*TRY IT*:
Set down exactly the lines below, starting at the one that contains "Jada Pinkett Smith" and ending at the one that contains "Dijital Baskı Kahverengi", with both of those lines included and nothing else.

*Records from a collection*:
((

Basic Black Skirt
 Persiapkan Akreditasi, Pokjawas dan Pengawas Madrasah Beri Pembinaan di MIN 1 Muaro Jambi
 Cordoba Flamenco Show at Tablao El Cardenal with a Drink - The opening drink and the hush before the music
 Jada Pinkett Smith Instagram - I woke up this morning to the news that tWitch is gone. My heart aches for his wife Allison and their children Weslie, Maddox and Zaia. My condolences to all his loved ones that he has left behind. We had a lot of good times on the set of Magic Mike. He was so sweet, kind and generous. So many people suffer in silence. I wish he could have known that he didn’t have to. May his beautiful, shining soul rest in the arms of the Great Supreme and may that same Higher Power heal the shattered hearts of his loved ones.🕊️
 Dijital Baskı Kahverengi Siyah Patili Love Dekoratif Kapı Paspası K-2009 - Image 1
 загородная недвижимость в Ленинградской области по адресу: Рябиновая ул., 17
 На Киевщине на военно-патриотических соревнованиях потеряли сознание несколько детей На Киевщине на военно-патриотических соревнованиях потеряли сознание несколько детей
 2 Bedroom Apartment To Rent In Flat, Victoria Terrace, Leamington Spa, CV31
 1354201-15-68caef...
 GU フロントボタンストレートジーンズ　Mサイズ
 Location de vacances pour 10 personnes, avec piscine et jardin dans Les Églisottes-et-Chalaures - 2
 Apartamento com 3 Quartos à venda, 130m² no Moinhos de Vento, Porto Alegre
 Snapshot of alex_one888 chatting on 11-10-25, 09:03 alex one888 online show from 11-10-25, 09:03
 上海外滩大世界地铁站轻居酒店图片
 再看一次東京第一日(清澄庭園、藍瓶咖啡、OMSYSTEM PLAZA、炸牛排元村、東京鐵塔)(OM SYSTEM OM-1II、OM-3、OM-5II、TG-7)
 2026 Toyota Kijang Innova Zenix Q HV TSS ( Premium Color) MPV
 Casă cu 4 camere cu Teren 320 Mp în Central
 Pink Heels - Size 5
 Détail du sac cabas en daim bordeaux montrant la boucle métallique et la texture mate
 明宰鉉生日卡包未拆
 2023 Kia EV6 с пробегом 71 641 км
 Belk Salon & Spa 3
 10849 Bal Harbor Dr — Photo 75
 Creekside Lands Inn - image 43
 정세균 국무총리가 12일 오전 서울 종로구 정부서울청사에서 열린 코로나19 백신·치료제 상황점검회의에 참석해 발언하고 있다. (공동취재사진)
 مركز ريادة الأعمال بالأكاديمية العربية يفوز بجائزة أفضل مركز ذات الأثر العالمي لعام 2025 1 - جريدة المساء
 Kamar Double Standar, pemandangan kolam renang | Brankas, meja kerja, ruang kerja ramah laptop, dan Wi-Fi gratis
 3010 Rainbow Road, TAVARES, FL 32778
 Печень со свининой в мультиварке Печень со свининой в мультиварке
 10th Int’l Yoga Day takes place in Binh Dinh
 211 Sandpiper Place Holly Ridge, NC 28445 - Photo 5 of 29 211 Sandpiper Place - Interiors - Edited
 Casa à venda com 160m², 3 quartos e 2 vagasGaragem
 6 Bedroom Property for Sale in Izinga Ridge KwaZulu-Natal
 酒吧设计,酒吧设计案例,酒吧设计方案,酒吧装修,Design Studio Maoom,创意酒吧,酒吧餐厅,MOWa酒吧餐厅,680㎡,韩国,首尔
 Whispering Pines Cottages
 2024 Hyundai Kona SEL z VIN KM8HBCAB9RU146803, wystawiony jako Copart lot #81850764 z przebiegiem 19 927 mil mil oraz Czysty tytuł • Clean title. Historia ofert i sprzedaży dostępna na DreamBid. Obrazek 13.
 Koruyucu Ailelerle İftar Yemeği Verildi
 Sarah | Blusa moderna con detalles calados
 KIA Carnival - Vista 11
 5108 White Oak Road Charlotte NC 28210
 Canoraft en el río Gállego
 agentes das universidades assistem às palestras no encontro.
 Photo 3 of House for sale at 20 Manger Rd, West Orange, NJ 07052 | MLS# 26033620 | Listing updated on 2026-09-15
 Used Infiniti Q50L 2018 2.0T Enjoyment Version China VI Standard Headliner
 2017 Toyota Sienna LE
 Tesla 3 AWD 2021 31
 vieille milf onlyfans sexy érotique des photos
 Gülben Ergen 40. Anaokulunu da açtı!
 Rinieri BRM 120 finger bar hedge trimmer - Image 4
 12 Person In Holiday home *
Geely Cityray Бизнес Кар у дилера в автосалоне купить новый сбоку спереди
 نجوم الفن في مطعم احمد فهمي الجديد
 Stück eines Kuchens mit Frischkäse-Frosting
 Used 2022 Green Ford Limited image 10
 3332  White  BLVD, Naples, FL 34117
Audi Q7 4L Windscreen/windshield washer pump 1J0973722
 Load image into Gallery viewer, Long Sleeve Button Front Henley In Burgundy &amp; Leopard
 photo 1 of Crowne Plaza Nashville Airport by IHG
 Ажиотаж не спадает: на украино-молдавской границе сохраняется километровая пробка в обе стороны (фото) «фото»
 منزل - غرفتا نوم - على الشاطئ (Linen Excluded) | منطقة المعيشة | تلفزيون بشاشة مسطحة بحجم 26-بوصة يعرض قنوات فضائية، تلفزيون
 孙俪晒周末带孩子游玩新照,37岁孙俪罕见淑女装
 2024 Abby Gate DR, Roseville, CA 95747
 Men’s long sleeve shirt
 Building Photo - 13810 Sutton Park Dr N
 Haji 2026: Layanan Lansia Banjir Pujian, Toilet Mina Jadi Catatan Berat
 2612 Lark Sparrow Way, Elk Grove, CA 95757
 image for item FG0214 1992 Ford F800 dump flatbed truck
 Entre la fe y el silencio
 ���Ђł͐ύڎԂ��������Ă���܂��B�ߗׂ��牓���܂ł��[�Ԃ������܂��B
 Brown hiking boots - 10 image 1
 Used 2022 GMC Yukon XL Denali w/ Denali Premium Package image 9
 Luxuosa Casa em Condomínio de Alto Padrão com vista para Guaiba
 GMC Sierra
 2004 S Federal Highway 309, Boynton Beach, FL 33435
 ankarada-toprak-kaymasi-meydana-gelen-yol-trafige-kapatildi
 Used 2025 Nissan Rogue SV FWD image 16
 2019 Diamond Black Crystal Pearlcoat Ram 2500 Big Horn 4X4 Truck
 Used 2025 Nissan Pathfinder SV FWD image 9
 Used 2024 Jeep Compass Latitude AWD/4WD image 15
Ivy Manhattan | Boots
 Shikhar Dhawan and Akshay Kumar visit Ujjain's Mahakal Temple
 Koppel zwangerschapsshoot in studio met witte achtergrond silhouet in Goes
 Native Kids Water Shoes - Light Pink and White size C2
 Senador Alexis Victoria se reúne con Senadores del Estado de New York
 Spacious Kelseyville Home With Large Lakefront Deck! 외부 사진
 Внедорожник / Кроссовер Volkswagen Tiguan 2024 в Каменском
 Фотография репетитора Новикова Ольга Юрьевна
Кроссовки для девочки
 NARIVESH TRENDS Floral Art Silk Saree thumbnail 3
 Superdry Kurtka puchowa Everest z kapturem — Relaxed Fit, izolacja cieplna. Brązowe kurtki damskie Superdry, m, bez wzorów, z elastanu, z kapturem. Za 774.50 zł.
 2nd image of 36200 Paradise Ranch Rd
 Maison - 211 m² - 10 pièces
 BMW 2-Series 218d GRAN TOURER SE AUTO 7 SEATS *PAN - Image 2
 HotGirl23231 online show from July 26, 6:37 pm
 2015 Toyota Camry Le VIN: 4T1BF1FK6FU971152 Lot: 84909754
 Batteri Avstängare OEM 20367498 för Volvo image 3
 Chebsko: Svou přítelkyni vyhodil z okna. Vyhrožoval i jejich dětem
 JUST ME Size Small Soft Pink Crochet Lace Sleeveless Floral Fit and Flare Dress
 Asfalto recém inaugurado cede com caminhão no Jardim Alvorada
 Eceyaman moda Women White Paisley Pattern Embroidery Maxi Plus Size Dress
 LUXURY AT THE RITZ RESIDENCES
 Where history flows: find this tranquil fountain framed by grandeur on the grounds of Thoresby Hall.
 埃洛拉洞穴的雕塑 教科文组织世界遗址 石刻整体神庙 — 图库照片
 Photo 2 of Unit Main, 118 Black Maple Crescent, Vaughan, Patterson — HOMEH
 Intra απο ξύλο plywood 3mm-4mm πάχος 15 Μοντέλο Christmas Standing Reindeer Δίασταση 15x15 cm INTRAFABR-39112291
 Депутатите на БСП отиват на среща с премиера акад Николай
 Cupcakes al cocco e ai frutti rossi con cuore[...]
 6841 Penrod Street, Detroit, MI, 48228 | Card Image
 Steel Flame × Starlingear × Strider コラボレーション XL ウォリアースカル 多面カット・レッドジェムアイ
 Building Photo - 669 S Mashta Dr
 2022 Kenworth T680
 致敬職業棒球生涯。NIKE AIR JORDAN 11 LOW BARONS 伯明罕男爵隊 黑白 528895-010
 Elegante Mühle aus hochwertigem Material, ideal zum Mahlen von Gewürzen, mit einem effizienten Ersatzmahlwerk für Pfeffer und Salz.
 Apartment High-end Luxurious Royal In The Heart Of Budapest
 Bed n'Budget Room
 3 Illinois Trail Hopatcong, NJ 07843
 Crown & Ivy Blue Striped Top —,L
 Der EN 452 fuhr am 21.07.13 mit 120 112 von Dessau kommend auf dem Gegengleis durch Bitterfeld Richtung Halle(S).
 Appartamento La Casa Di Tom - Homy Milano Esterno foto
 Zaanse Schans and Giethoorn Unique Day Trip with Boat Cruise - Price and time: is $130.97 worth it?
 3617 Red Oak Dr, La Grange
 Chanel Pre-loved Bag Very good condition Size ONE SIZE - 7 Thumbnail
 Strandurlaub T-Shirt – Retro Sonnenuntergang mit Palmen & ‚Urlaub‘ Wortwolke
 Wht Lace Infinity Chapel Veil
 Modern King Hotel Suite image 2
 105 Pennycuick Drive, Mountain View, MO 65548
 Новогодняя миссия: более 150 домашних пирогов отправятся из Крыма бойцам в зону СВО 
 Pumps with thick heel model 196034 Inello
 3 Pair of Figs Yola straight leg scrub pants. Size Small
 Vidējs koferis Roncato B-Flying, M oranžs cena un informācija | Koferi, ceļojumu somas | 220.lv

))

*EXERCISE SOLUTION*:
 Jada Pinkett Smith Instagram - I woke up this morning to the news that tWitch is gone. My heart aches for his wife Allison and their children Weslie, Maddox and Zaia. My condolences to all his loved ones that he has left behind. We had a lot of good times on the set of Magic Mike. He was so sweet, kind and generous. So many people suffer in silence. I wish he could have known that he didn’t have to. May his beautiful, shining soul rest in the arms of the Great Supreme and may that same Higher Power heal the shattered hearts of his loved ones.🕊️
 Dijital Baskı Kahverengi Siyah Patili Love Dekoratif Kapı Paspası K-2009 - Image 1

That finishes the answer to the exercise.